Tom Nardone wants to bring scary back. The author of "Extreme Pumpkins: Diabolical Do-it-Yourself Designs to Amuse Your Friends and Scare Your Neighbors" (Home Books, $13.95) believes that Halloween and one of its best-known symbols, the jack-o'-lantern, have become too wimpy.
The pumpkins in Nardone's book (and on his Web site) aren't your typical gap-toothed, triangle-eyed specimens — these pumpkins are covered in (fake) blood, drowning in plastic bags, eating other pumpkins and being electrocuted.
"Kids like to be scared," he says. "Once I dressed up in a trash barrel as a Transformer — my wife was giving out candy — and I jumped out at a group of 5-year-olds and said 'Boo!' One kid looked at me and said 'You're not scary — you're a trash can.' I have never been so insulted in my life."
Despite that failure to fright, the Halloween scenes on Nardone's lawn in suburban Detroit typically draw many onlookers — and, in the case of a "mooning" pumpkin he installed on a former neighbor's yard, stop traffic. He constructs his displays with an array of power tools like jig saws and routers; his Web site started as a how-to guide.

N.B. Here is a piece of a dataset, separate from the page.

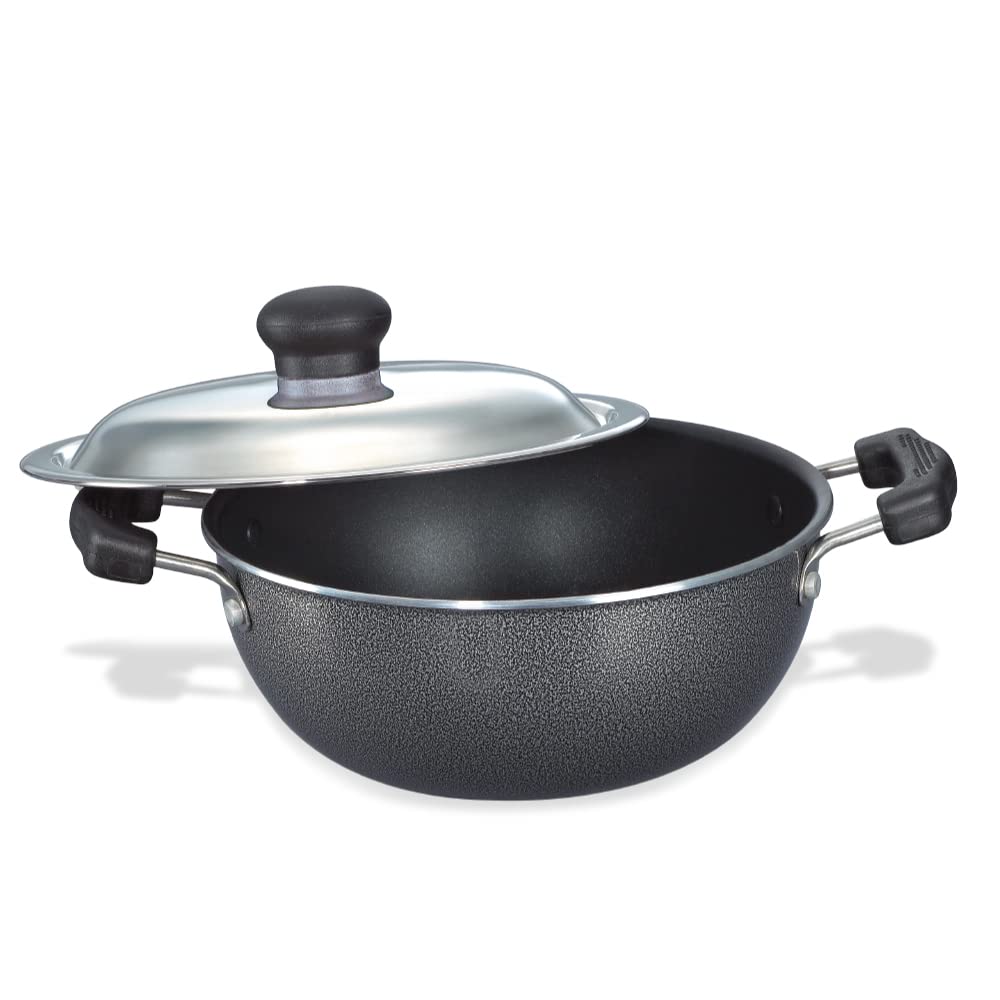 Prestige Omega Select Plus Nonstick Flat Base Kadai with Lid - 20 CM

Nardone's favorite extreme pumpkin? A creation he calls the "territorial one" — it's a pumpkin snowman, dripping with pulp and seeds, holding the head of another pumpkin aloft in triumph.
New this year, he says, will be a flame cannon built especially for use with pumpkins: "It shoots flames 15 feet into the air." He's also busy thinking up new and different ways to smash pumpkins and thinking about a pumpkin accelerator.
"There's a long tradition of carving jack-o'-lanterns — it was something fun that was done by kids and their parents and it was supposed to be spooky," Nardone says. "It was the one time you got to use a knife AND fire — and it's been co-opted into something cutesy.
"I want to tell the moms and dads out there to take another look at Halloween and to go back and make this a really exciting tradition again."